3. Le 2 juin 2020, le notaire Bastien Verrey a déposé son rapport d’expertise tendant à la liquidation du régime matrimonial.
Le 9 avril 2021, celui-ci a communiqué un rapport d’expertise complémentaire.
4. Par jugement préjudiciel du 18 mai 2021, les premiers juges ont prononcé le divorce des parties, les questions de la liquidation du régime matrimonial et du partage des avoirs de prévoyance demeurant notamment litigieuses.
5. Le 27 juin 2022, les parties ont respectivement déposé leurs plaidoiries écrites.
6. Par courrier du 4 juillet 2022, la Présidente du Tribunal civil de l’arrondissement de l’Est vaudois (ci-après : la présidente) a informé les parties qu’une audience de délibération se tiendrait le 10 octobre 2022.
7. a) Par courriers des 1er février et 9 mai 2023, la recourante a indiqué aux premiers juges s’inquiéter de l’état d’avancement de la procédure, s’enquérant du délai dans lequel un jugement pourrait être rendu.
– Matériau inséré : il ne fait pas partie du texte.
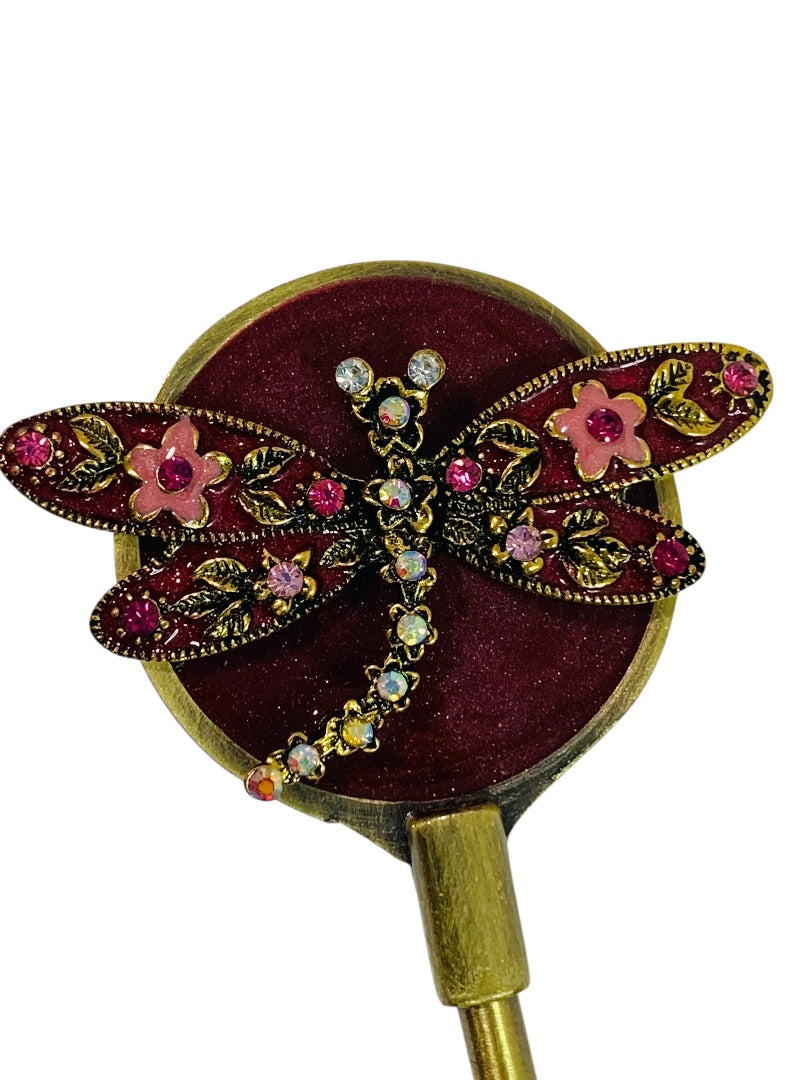 Goldtone Dragonfly Purse Cane Table Hook Embellished Sparkle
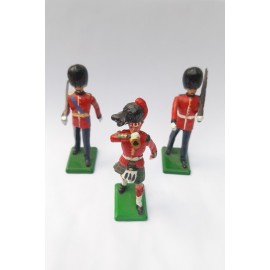 3 VINTAGE Hand made Painted Figures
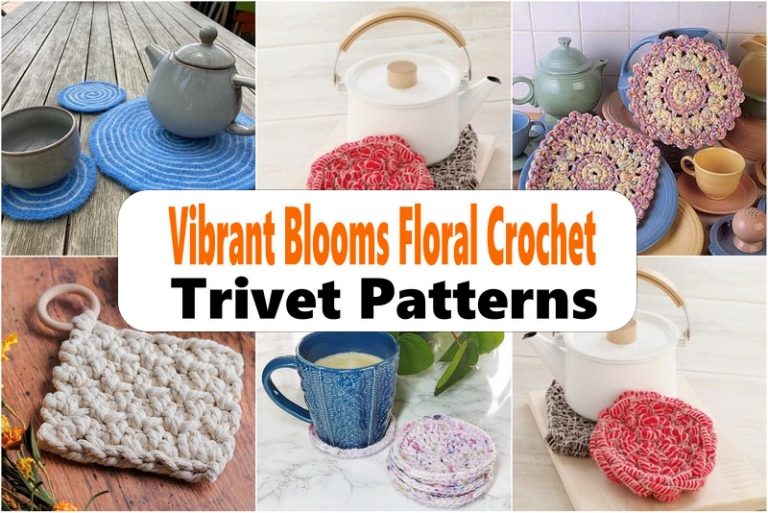 Vibrant Blooms Floral Crochet Trivet Patterns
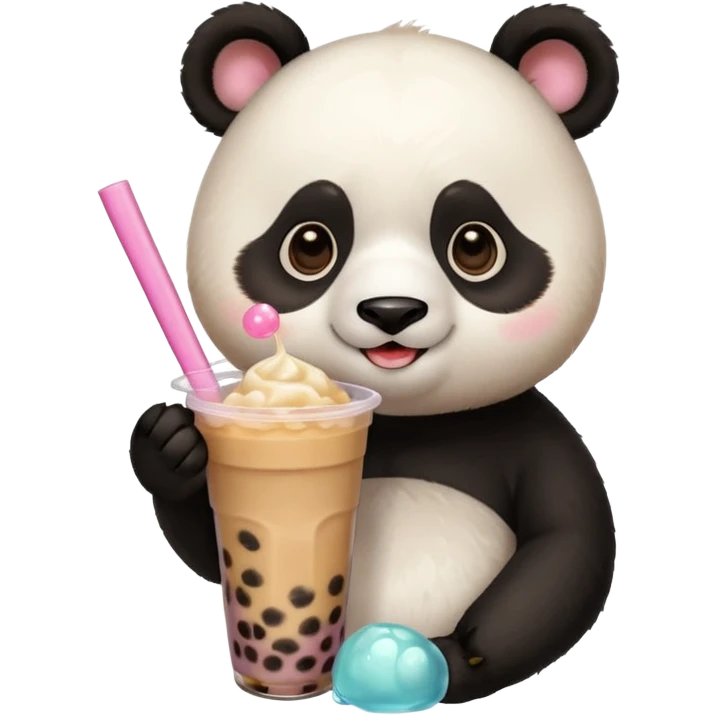 A panda drinking bubble tea, excited about the toppings, portrait, bust up emoji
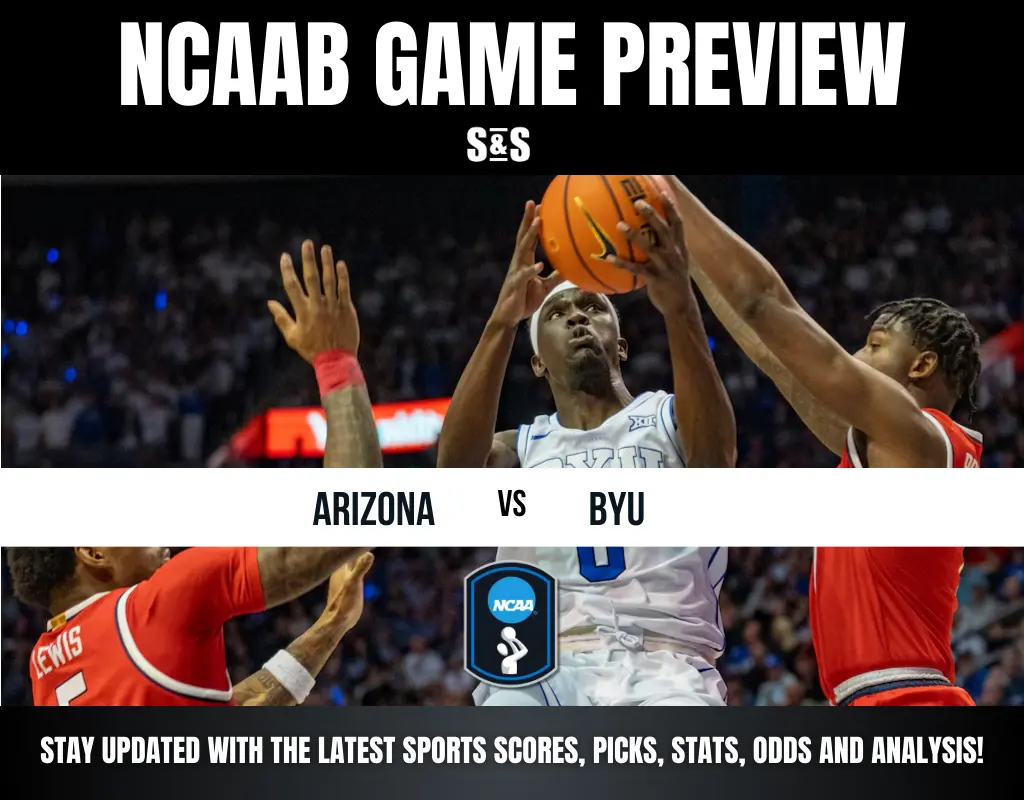 NCAA basketball game preview featuring Arizona vs. BYU, showcasing intense action on the court and promotional text below.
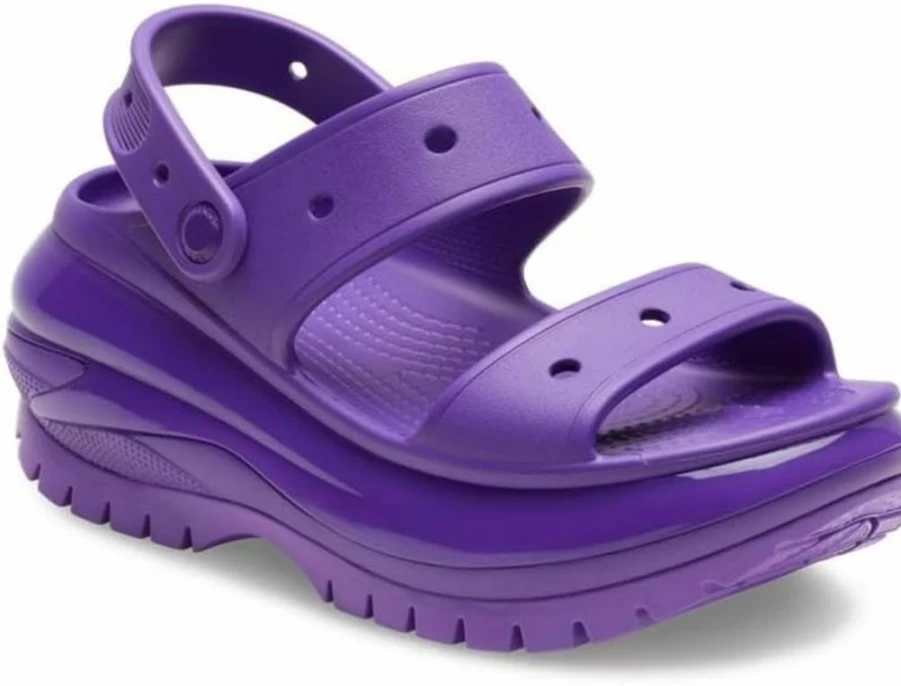 Crocs Women's Classic Mega Crush Sandal Wedge Platform Comfort Slide Sandals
b) Par courrier du 22 mai 2023, la présidente a indiqué ne pas être en mesure de communiquer aux parties une date de notification du jugement, invoquant une surcharge importante de travail, singulièrement de la greffière en charge de la rédaction du jugement.
c) Par courrier du 15 novembre 2023, la recourante a répété s’inquiéter de la situation, relevant que l’audience de délibération s’était tenue le 10 octobre 2022, soit depuis plus d’année, et qu’elle peinait à s’expliquer les raisons pouvant justifier l’absence de jugement de divorce.
d) Par courrier du 20 novembre 2023, la présidente a informé les parties de ce que le jugement serait notifié dès que la greffière serait en mesure de le rédiger, se prévalant de « plusieurs départs, ainsi que [d’]absences de longue durée dans l’effectif des greffiers au cours de l’année écoulée, dont il [avait] résulté une surcharge massive de travail pour les autres greffiers ».
En droit :
1.
1.1 Aux termes de l’art. 319 let. c CPC (Code de procédure civile du 19 décembre 2008 ; RS 272), le recours est recevable contre le retard injustifié du tribunal. Ce recours peut être formé en tout temps (art. 321 al. 4 CPC) et il est de la compétence de la Chambre des recours civile du Tribunal cantonal (art. 73 al. 1 LOJV [loi d'organisation judiciaire du 12 décembre 1979 ; BLV 173.01]).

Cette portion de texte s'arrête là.